Your assignment: Return the records below character for character.

Information given:
-- Opening Marker --

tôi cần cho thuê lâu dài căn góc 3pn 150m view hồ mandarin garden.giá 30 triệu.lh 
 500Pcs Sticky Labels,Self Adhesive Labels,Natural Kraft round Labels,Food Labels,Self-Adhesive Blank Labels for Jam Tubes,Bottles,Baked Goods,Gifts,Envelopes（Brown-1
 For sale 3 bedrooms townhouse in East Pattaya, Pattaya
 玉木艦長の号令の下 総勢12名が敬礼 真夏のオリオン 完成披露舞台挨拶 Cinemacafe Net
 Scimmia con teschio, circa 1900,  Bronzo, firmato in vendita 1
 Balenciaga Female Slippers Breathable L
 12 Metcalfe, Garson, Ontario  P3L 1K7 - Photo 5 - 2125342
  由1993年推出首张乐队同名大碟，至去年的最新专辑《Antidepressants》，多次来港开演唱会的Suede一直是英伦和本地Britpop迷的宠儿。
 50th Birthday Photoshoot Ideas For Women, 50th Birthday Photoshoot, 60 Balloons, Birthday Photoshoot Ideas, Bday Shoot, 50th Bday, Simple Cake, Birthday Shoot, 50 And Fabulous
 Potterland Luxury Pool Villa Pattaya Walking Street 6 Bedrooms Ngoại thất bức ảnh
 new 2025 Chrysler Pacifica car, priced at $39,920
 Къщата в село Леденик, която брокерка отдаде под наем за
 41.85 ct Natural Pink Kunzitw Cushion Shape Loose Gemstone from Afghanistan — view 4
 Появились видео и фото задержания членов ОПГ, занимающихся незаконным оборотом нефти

-- Closing Marker --

Task result:
tôi cần cho thuê lâu dài căn góc 3pn 150m view hồ mandarin garden.giá 30 triệu.lh 
 500Pcs Sticky Labels,Self Adhesive Labels,Natural Kraft round Labels,Food Labels,Self-Adhesive Blank Labels for Jam Tubes,Bottles,Baked Goods,Gifts,Envelopes（Brown-1
 For sale 3 bedrooms townhouse in East Pattaya, Pattaya
 玉木艦長の号令の下 総勢12名が敬礼 真夏のオリオン 完成披露舞台挨拶 Cinemacafe Net
 Scimmia con teschio, circa 1900,  Bronzo, firmato in vendita 1
 Balenciaga Female Slippers Breathable L
 12 Metcalfe, Garson, Ontario  P3L 1K7 - Photo 5 - 2125342
  由1993年推出首张乐队同名大碟，至去年的最新专辑《Antidepressants》，多次来港开演唱会的Suede一直是英伦和本地Britpop迷的宠儿。
 50th Birthday Photoshoot Ideas For Women, 50th Birthday Photoshoot, 60 Balloons, Birthday Photoshoot Ideas, Bday Shoot, 50th Bday, Simple Cake, Birthday Shoot, 50 And Fabulous
 Potterland Luxury Pool Villa Pattaya Walking Street 6 Bedrooms Ngoại thất bức ảnh
 new 2025 Chrysler Pacifica car, priced at $39,920
 Къщата в село Леденик, която брокерка отдаде под наем за
 41.85 ct Natural Pink Kunzitw Cushion Shape Loose Gemstone from Afghanistan — view 4
 Появились видео и фото задержания членов ОПГ, занимающихся незаконным оборотом нефти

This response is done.